Game Scoring System – Bank Your Points

Want a way to encourage your team to fight to win long rallies? Or alternatively, want to encourage them to extend a rally rather than go for a kill when it’s not really a good opportunity? Here’s a scoring system that could do the trick. You can use it for normal 6 v 6 play, and also for small-sided games.

Here’s how it works. After the ball is served, you count how many times it crosses the net during the course of the rally. The team which wins the rally gets that many points added to their score.

Let’s walk through an example. The receiving team attacks the ball and the serving team digs it. That’s one time crossing the net (serve does not count). The defenders then attack back, making it two net crossings. The count goes up to three when the dig rebounds back over the net as a free ball. The serving team then gets a kill on the attack which follows. The attack is the 4th crossing, so four points to the serving team.

Or you could choose not to count the final attack. Your call. I think you get the idea.

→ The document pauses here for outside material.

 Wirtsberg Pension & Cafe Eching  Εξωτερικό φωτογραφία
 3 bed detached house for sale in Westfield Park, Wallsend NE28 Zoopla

Here’s something you can also consider. One thing we generally would rather not see is our servers missing after a we’ve just won a long rally. To bring that sort of thing into focus, you could add a little wrinkle to the scoring. If a player misses their serve, the other team is awarded the value of the last rally win. This is not very penal after a quick sideout, but very much so after a long exchange.

Depending on your level and/or particular focus for the game, you could start each rally with something other than a serve. Also, you could chose not to count free balls in the net-crossing tally. No doubt you can think of your own variations.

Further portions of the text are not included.